Good luck and no matter what you go with, you will be happy...


----------



## Random Orbits (Apr 12, 2012)

RAKAMRAK said:


> From your two posts these are the points that i discerned:
> 1. You have a budget of around 4000US$
> 2. You shoot landscape and frame fitting object photos (headshot, macro etc all come in this group).
> 3. Not tied to EF-S due to investment in lenses.
> ...



+1. 5DII center AF is better than your Rebel and works fine for moving targets. Use mine for taking pictures of running kids and its not a problem. If you're OK with your Rebel's AF and FPS, then the 5DII should be good enough while delivering much better IQ and allowing you to shoot at higher ISOs for low light and moving objects. Getting the 16-35L II would also give you more options for landscape. It is much wider than your current kit with a crop body.


----------



## PhotoBadger (Apr 12, 2012)

I was in much the same boat about a year ago - upgrading from 400D with some L glass. I mulled it over for ages and ultimately went for the 7D - the combination of price, AF and reach (I do fair bit of sport / event stuff) swinging me away from the 5DmkII.
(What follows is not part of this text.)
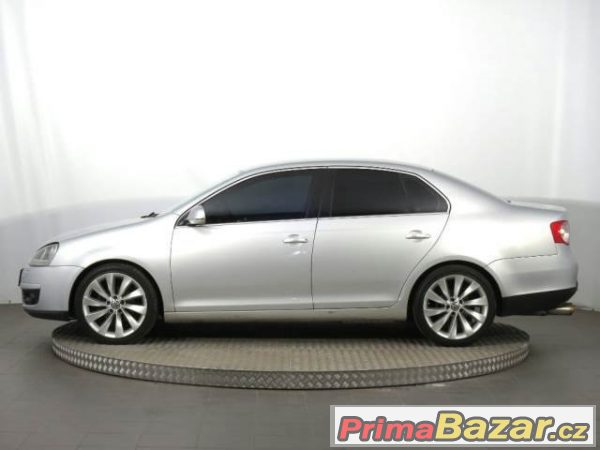VW Jetta, 2.0 FSI Nové v ČR, Sedan/Saloon, Benzín – fotografie 4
I love my 7D and no matter what gripes you hear about ISO & IQ, it's a zillion times better than the 400D gave me. 

BUT, and here's the killer, I'm still kind of kicking myself for not going full frame. From all you've said about what you shoot, the 5DmkII sounds ideal - especially if it leaves budget for more lenses. Maybe I'm odd but I found a new body wasn't nearly as exciting as a new lens.

That said, and with all respect to your 350, whatever you get is likely to make you go Wooo! Enjoy it.


----------



## AJ (Apr 12, 2012)

Another vote for 5D2


----------



## Aglet (Apr 12, 2012)

RAKAMRAK said:


> -clip-
> 
> So, you do not need the AF of 7D/1DX/5DIII.
> 
> ...



+1

5D2 is likely your better option

60D is worth considering too if you stay APS-C

7D is not a great landscape camera IMO (don't get me started) but is decent for action work or anything else if you don't expect to push shadows up. OTOH, it seems to meter a little low so you might get away with ETTR a bit more with it. 5D2 walks all over it for landscape IQ IMO.
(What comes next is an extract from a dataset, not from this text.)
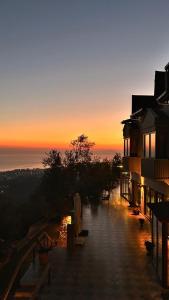 - un balcon offrant une vue sur le coucher du soleil dans l'établissement KAZDAĞLARI ZEYTUNİHAN BUTİK OTEL, à Edremit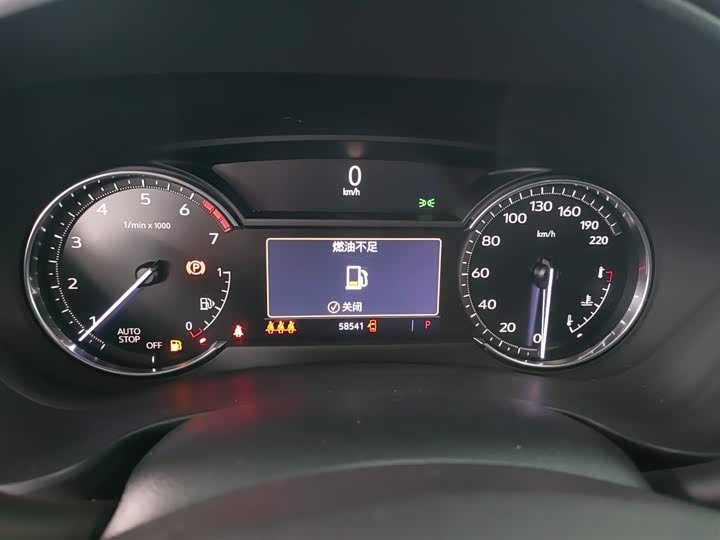 Фото 8 - Cadillac XT4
I used a 350D for a year+, great little camera, very decent IQ. Could push its raw files quite a bit before they got ugly. Even used one on a wedding job a few years ago, all keepers. Could pixel-peep all I wanted and it still looked good. Would've kept it but sold everything that didn't provide live-view and dust-mapping.

OTOH, going to the D800 is a viable option too. It's a hassle to sell off everything but Canon glass holds its value very well. Finding equivalent Nik' glass to fill those spots will be a bit more of a challenge.


----------



## Enrico (Apr 12, 2012)

Got my 350D in 2005 as well and decided to upgraded quite recently.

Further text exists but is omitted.